Design and Implementation of Qunar's Non‑Intrusive Online Debug System
This article describes the motivation, architecture, runtime instrumentation, custom class loaders, and serialization challenges behind Qunar's plug‑and‑play online debugging tool that captures application snapshots without requiring code changes or restarts.
Introduction
Debugging has long been a pain point for online applications, often leading developers to repeatedly add log statements and redeploy. To address this, Qunar initially built a cloud‑based Debug tool that required new components and restarts, which eventually fell out of favor.
Background
After reflecting on the shortcomings of the first version—dependency on new components, configuration changes, restart requirements, and reliance on internal tracing—the team released a new online Debug that works transparently with both legacy and new systems, requiring no additional dependencies or restarts.
Overview
The online Debug is a feature of Qunar's production issue diagnosis platform Bistoury. The UI receives user requests and forwards them to a Proxy, which adjusts commands (e.g., fetching the target process ID) and sends them to an Agent running on the user’s machine. The Agent communicates with the user application, loads the Debug module via Java Instrumentation, and returns results back through the same chain.
Principle
Java bytecode retains source line numbers, allowing the system to locate the exact bytecode location for a breakpoint. Using the ASM framework, the tool injects snapshot‑capture logic at the breakpoint, enabling on‑the‑fly debugging.

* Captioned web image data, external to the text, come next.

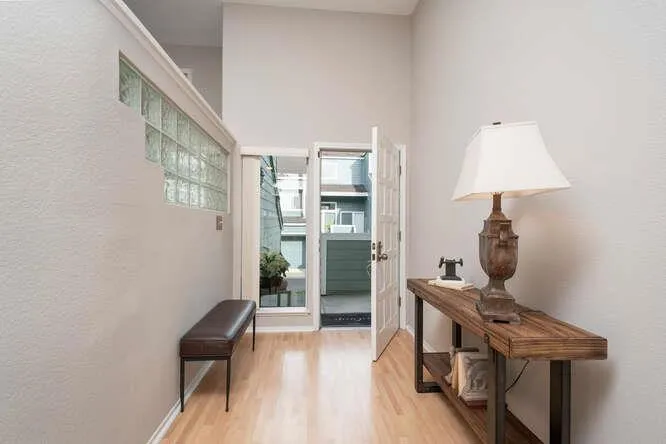 816 Sovereign Way, None, California 94065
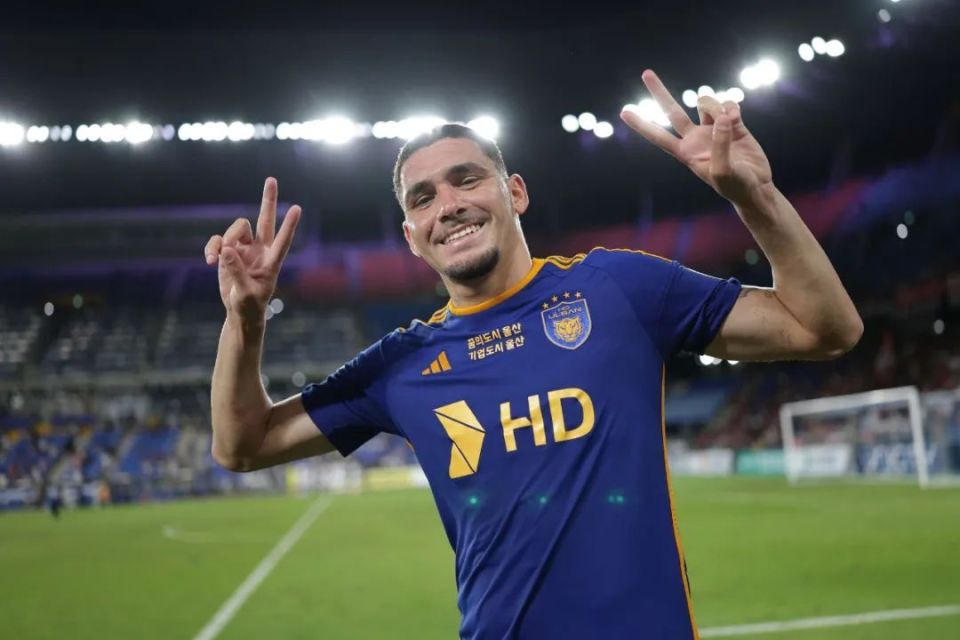 包含曝米特里策加盟中超浙江队签约三年半的词条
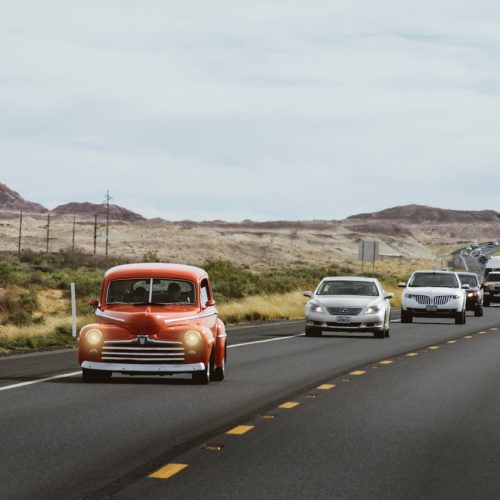 Lato 2021 – Polacy wynajmują auta na podróże po kraju i wyjazdy za granicę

userSystem.preDo(); userSystem.do(); userSystem.afterDo();After instrumentation, the code checks hasBreakpoint() and, if true, calls captureSnapshot() before proceeding with the original method.
Runtime Instrumentation
Java's Instrumentation API (available since JDK 1.6) allows an external Agent JAR to be loaded into a running JVM. The Agent attaches to the target JVM, loads the Instrumentation JAR, obtains an Instrumentation instance, and starts a Netty server to handle Debug requests.
BistouryClassLoader
To avoid version conflicts between the attach JAR’s dependencies (e.g., Guava) and the user application, a dedicated BistouryClassLoader loads the attach JAR. It overrides loadClass to prefer its own classes for non‑JDK types, while the lightweight Instrumentation JAR is loaded by the BootstrapClassLoader.
Serialization Issues
When capturing a snapshot, objects must be serialized to JSON without invoking getters (which may have side effects) and while handling circular references. Standard JSON libraries either call getters (FastJSON) or require annotations (Jackson, Gson). The solution modifies Jackson’s source within the attach JAR to safely serialize arbitrary objects.
MagicClassLoader
A second custom loader, MagicClassLoader, ensures that classes from Bistoury‑magic‑classes.jar have priority over others, enabling quick fixes for buggy third‑party libraries without waiting for upstream releases.
Conclusion
The article presents the design and implementation of Qunar’s non‑intrusive online Debug system, inviting colleagues to try it and provide feedback.